The fantasy/fairy tale lies in the basic setting that: Dorimare is an imaginary country and Lud-in-the-Mist is its capital, sitting at the meeting of two rivers: Dapple and Dawl. The Dawl seems to be the usual, expected kind of river, flowing southwards to the sea from somewhere inland, but the Dapple
“…had its source in Fairyland (from a salt inland sea, the geographers held) and flowed subterraneously under the Debatable Hills, was a humble little stream, and played no part in the commercial life of the town.
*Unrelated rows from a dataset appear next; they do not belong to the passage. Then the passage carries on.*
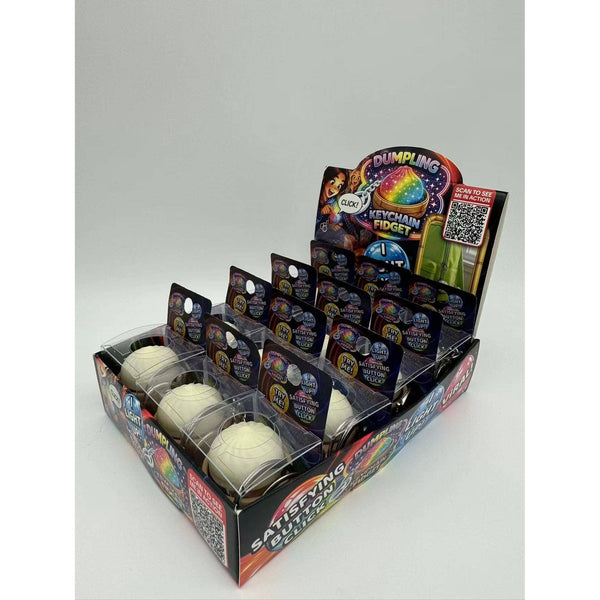 Fun Doh Dumpling Light-Up Click Fidget Keychain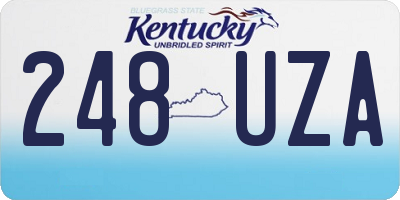 KY license plate 248UZA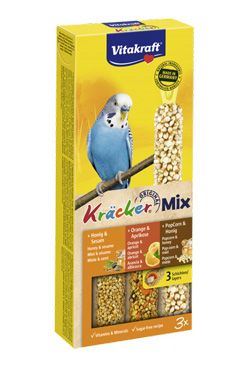 Vitakraft ptactvo Kräcker med/pom/popfit budgies tyčinka 3ks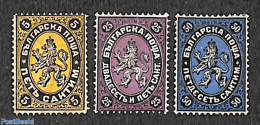 Bulgaria 1879 5c, 25c And 50c Unused Hinged With Attest, Unused (hinged) - Nuevos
But an old maxim of Dorimare bade one never forget that ‘The Dapple flows into the Dawl.’ It had come to be employed when one wanted to show the inadvisability of despising the services of humble agents; but, possibly, it had originally another application.”
This is at the very beginning of the second chapter, and already sets the tone: Dorimare may be a picturesque little country on a river so broad that the town is also a seaport, although 20 miles from the actual sea, but that broad river is fed, in part, by a second stream, one which comes from the west (and the West, of course, is always a place perhaps to be dreaded, as it is often the direction to which the dead go in many folk traditions, as well as being the home of weird, otherworldly folk, the sort of people and creatures that voyagers west, like St Brendan

and Oisin, of the Irish Fenian Cycle, and Yeats’ early The Wanderings of Usheen, 1889, which you can read here: https://www.gutenberg.org/files/38877/38877-h/38877-h.htm#THE_WANDERINGS_OF_USHEEN encounter. ) The river’s beginning lies, as well, in a place not visited by the Dorimarites for hundreds of years, Fairyland, and much of the book is taken up with “fairy fruit”, which is banned in Dorimare, along with any dealings or even mentions of fairies, but somehow keeps appearing and seriously disturbing the minds of those who consume it—as if the Dapple, under its pretty name, is actually underflowing and perhaps undercutting all of Dorimare.
The detective story seems almost a by-blow of the plot, although it involves a major character, Endymion Leer, who is a physician in Lud-in-the-Mist and, as the plot develops, much more, although I find that his role in the mystery somewhat trivializes the greater role he claims for himself near the end of the book at his trial for murder.
I won’t summarize the complicated plot—you can read a brief and, I fear, inadequate précis here: https://en.wikipedia.org/wiki/Lud-in-the-Mist and there are longer summaries to be had at various fantasy sites, although I find the ones I read, for me, too intent upon constructing complex, deeper meanings than I think the book really holds.
Instead, as I always do with reviews—films and books—I would encourage you to read it for yourself and come to your own conclusion.
There’s dry, quirky humor on the part of the narrator, some lush nature writing, a vivid depiction of what Fairyland might be like (unpleasant to nightmarish, I found it), and an appealing character in the protagonist, Nathaniel Chanticleer, who begins conventionally as a comfortable petit bourgeois (although he does have something haunting him), but grows into a feeling being through the fate of his son, Ranulph, all of which are at least enough to lure you in and perhaps keep you reading, as they did me.
So, as always, thanks for reading,
Wonder what fairy fruit might do to you,
And remember that, as ever, there’s
MTCIDC
O
PS
If going west myself, I should meet Hope Mirrlees, I would request that, should she, in some spiritual form, ever do a revised edition, she might include a map—a nice end paper one would do—as it would definitely help to keep one oriented in the characters’ travels around Dorimare.